New Brunswick

'No place is safe': Muslims in Fredericton react to New Zealand attacks

Azhar Mushtaq received a phone call Friday from his parents in Kashmir, demanding he stay away from the mosque in Fredericton after dozens of people were killed and injured at two mosques on the other side of the world.

49 people were killed and another 48 injured in attacks at 2 Christchurch mosques

Azhar Mushtaq says he was shocked and saddened by Friday's attacks in Christchurch, New Zealand. (Elizabeth Fraser/CBC)

Azhar Mushtaq received a phone call Friday from his parents in Kashmir, demanding he stay away from the mosque in Fredericton after dozens of people were killed and injured at two mosques on the other side of the world.

But the 25-year-old couldn't stay away.

"Banning the mosque is not the solution," said Mushtaq, who is studying at the University of New Brunswick. "I can't just sit at home.

"I trust in Canada and I believe in this country."

Forty-nine people were killed and another 48 injured in attacks at two mosques in Christchurch, New Zealand, filled with worshippers, in what New Zealand's prime minister called one of the country's "darkest days."

"Islamophobia, it's spreading at an alarming rate, not just New Zealand, all over the world," Mushtaq said.

On a rainy Friday afternoon, multiple cars lined up outside the mosque in Fredericton as people arrived for prayers.

Mohamed El-Bayoumi, a longtime resident, was preparing to calm and reassure fellow Muslims newer to the city about their new home.

We should be able to live together.- Mohamed   El-Bayoumi

"Don't give in, don't change your life simply because someone else did something so stupid and so hurtful," he said.

UNB student Muzzamil Wani said that when he first heard about the attacks, he immediately called his brother, who is studying in Auckland, more than 1,000 kilometres north of Christchurch.

"The first thing I did was message him and say, 'Are you OK?,'" Wani said at the mosque on Lincoln Road. 

Muzzamil Wani's brother is studying in New Zealand. When he found out about the attacks, he immediately called him to make sure he was safe. (Elizabeth Fraser/CBC)

He called the event "a massacre," but the shock he felt didn't keep him away from Friday prayers. 

"Today we have prayers, so we'll pray for them and the ones who died," he said.

'We've got to pray'

Hanan Miraj, who was also at the mosque, was shocked by the attacks because prayer is a time when people come together and are at peace.

"I have no words," he said. "I was speechless and couldn't say anything."

Hanan Miraj admits he was worried about praying at the Fredericton mosque Friday after the attacks in New Zealand, but wanted to be there to pray for the people of Christchurch. (Elizabeth Fraser/CBC)

Miraj, 25, admitted he was worried about coming to the mosque Friday but feels no place is ever truly safe.

"No place is safe on this Earth, but we've got to pray," he said.

He said it's important people, including Christian and Muslim communities, come together against terrorism. 
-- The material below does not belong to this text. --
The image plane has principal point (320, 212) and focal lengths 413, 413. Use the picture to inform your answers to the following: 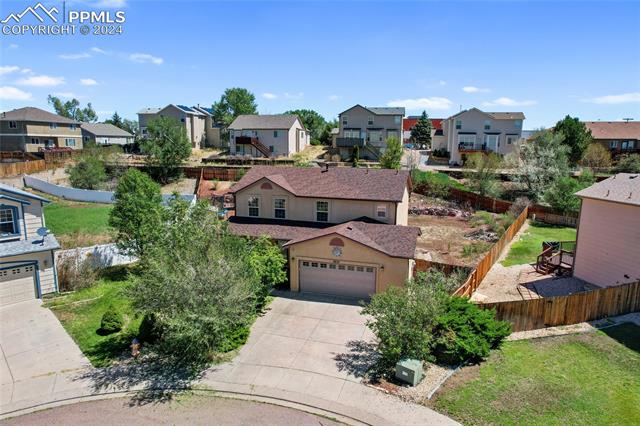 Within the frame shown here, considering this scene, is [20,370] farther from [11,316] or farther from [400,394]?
[400,394]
Helping people understand 

When El-Bayoumi turned on the radio Friday morning, he was overwhelmed by shock and sadness.

"I'm still really trying to comprehend, 'What the heck happened here?' And why these people, and why that far away?" said El-Bayoumi, one of the founders of the Fredericton Islamic Association.

Mohamed El-Bayoumi, one of the founders of the Fredericton Islamic Association, says he plans to spend the next few days calming the nerves of people in the Muslim community.

As someone who moved from Egypt to Fredericton more than 40 years ago, he knows he has a job to do.

He will be spending the next few days trying to calm the nerves of people in the Muslim community, particularly the large number of newcomers who will be questioning their safety.

"With the new arrival of the newcomers, who came to Canada for safety, and then they hear stuff like this," he said. "We will certainly try to calm everybody."

He said closing the old building that's used as a mosque is not an option. Instead, he's encouraging the Muslim community to stand together in faith and will. 

Keeping a positive attitude 

Every day, he said, dozens of people visit the mosque for prayer, and many are newcomers. On Fridays, there can be more than 200 people who come to pray.

"It will be our role to say, 'No, don't let stuff like this change your attitude,'" El-Bayoumi said. "We're really going to have our work cut out for us over the next few days."

Police in Quebec City, which endured a mosque attack two years ago that killed six people, and police in Montreal, Gatineau, Que., and Ottawa have all confirmed heightened security near mosques Friday.

El-Bayoumi was still trying to wrap his head around the New Zealand attacks but said he'd seen overwhelming support from people in Fredericton.

"We should be able to live together," he said.